Red Shift (Mar 01 2011)

Message boards : Technical News : Red Shift (Mar 01 2011)
Message board moderation

To post messages, you must log in.

1 · 2 · Next

AuthorMessage
Profile Matt Lebofsky
Volunteer moderator
Project administrator
Project developer
Project scientist
Avatar

Send message
Joined: 1 Mar 99
Posts: 1444
Credit: 957,058
RAC: 0
United States
Message 1082770 - Posted: 1 Mar 2011, 23:15:19 UTC

Happy March to one and all. Haven't have much to write about lately, but here's a round up.

We had our usual weekly maintenance outage today during which we took care of all kinds of stuff besides the usual mysql database compression/backup. Early this morning I noticed the replica mysql server had some broken tables, which led me to discover a drive had failed on that system last night - a 73GB fibre channel drive. Not a big deal, as we have tons of these kicking around from older servers at this point. This was easy enough to hot swap, though I got lost in some internal closet networking updates as this disk array is only accessible via telnet. And then the mysql daemon on the replica freaked out a little bit when the new drive was introduced, so I had to reboot the system, re-fix broken tables, etc. etc. etc. The replica is still catching up (will be for a while).

Today we also moved synergy off the probably-flakey UPS. Yeah, I know we should have done this earlier, but just haven't gotten around to it yet. If anything this gave us one more data point in the form of yet another automatic biweekly reboot at Sunday around 3pm (a couple days ago). Now the UPS is out of the equation, we have to wait 2 weeks to see if this was indeed the problem.

What else... we moved a lot more bits from ptolemy onto thumper. You may notice some general speedups on the website or elsewhere. We hope. And Jeff and I tackled a ton of timing tests for the science database on oscar. We're finding all the bottlenecks and finding ways around them. The good news is the database select throughput has gone from 100 spikes/second to 17,000 spikes/second. However these are under optimal conditions. In reality we'll have to deal with many of the aforementioned bottlenecks. Also: gowron is back to being the main workunit server (the full transition is far from complete, though).

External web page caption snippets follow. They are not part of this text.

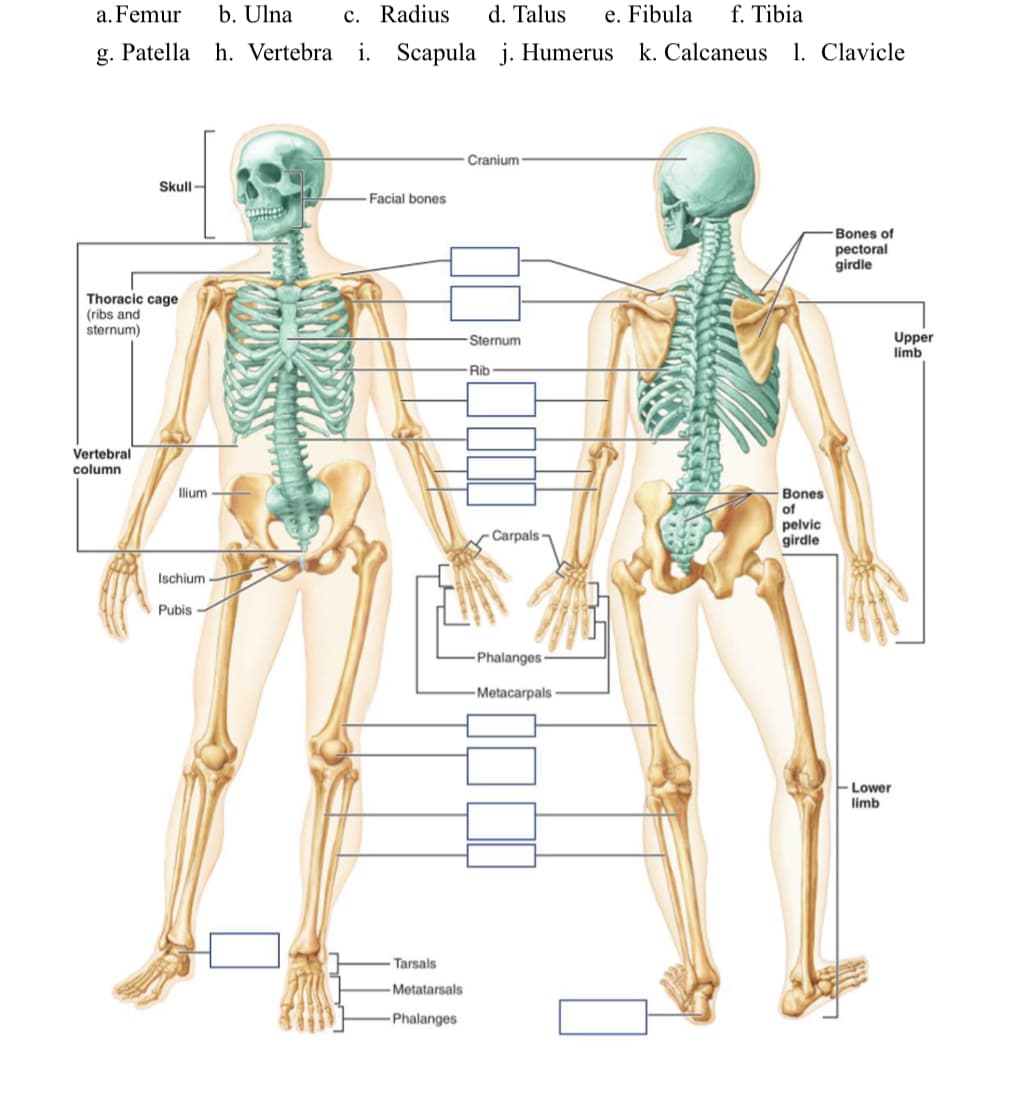 a. Femur
b. Ulna
c. Radius
d. Talus
e. Fibula
f. Tibia
g. Patella h. Vertebra i. Scapula j. Humerus k. Calcaneus
1. Clavicle
Cranium
Skull -
Facial bones
Bones of
pectoral
girdle
Thoracic cage
(ribs and
sternum)
Upper
limb
Sternum
Rib
Vertebral
column
Bones
of
pelvic
girdle
Ilium -
- Carpals
Ischium
Pubis
-Phalanges
-Metacarpals
Lower
limb
Tarsals
- Metatarsals
-Phalanges
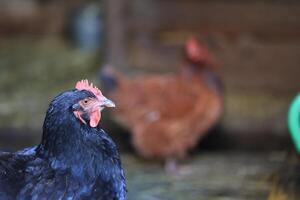 A group of chickens and a rooster graze on a farm in a village on a sunny day. Chickens on an organic home farm. Spring or summer day. Chickens of different colors. White chickens. Red chickens. photo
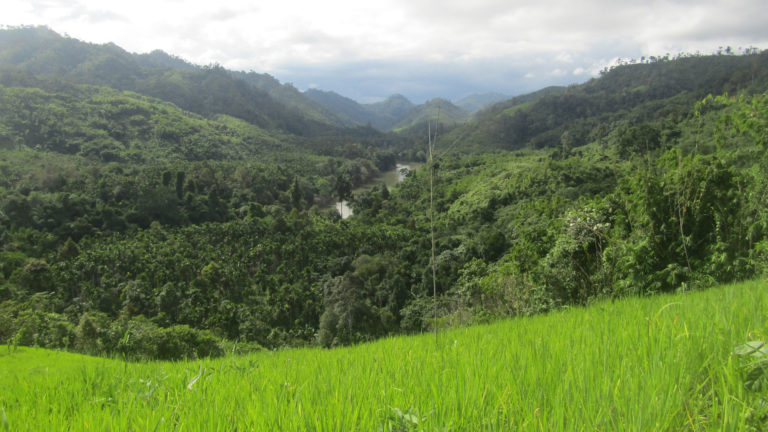 The Spirit of Paw Klo: Indigenous Communities Protect and Sustain their Ancestral Territories, Myanmar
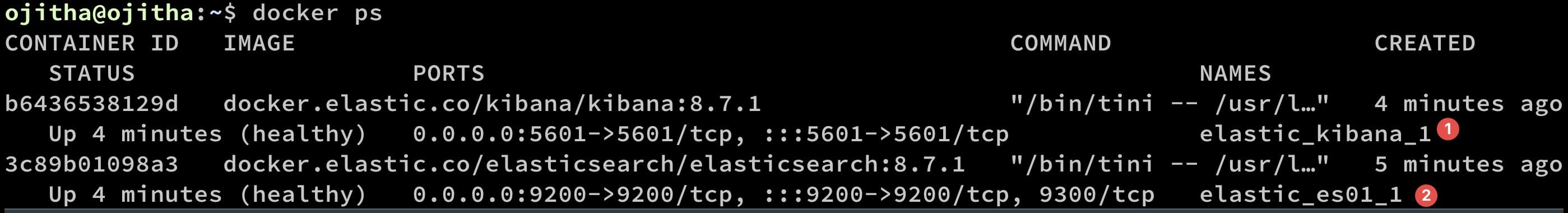 Find Elasticsearch container name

That's been my day so far. How's your day?

- Matt

-- BOINC/SETI@home network/web/science/development person
-- "Any idiot can have a good idea. What is hard is to do it." - Jeanne-Claude
ID: 1082770 · Report as offensive
Profile soft^spirit
Avatar

Send message
Joined: 18 May 99
Posts: 6497
Credit: 34,134,168
RAC: 0
United States
Message 1082777 - Posted: 1 Mar 2011, 23:28:15 UTC - in response to Message 1082770.  

Keep in mind UPS's do need new batteries from time to time. ;)
Janice
ID: 1082777 · Report as offensive
Claggy
Volunteer tester

Send message
Joined: 5 Jul 99
Posts: 4654
Credit: 47,537,079
RAC: 4
United Kingdom
Message 1082781 - Posted: 1 Mar 2011, 23:34:24 UTC - in response to Message 1082770.  

Thanks for the update Matt,

Claggy
ID: 1082781 · Report as offensive
Thomas Arnold
Volunteer tester

Send message
Joined: 14 May 99
Posts: 56
Credit: 61,046,144
RAC: 0
United States
Message 1082782 - Posted: 1 Mar 2011, 23:54:44 UTC - in response to Message 1082770.  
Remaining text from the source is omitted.